▶ _Input data_:

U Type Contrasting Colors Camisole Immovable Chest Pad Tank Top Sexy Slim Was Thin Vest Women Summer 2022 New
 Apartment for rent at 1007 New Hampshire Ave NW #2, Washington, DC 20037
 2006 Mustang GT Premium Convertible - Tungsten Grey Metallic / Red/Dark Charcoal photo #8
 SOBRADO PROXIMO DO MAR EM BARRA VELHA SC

▶ _What to do_: Word for word, repeat the lines that begin at the one with "Apartment for rent" and continue to the end of the listing above.

▶ _Task solution_:
 Apartment for rent at 1007 New Hampshire Ave NW #2, Washington, DC 20037
 2006 Mustang GT Premium Convertible - Tungsten Grey Metallic / Red/Dark Charcoal photo #8
 SOBRADO PROXIMO DO MAR EM BARRA VELHA SC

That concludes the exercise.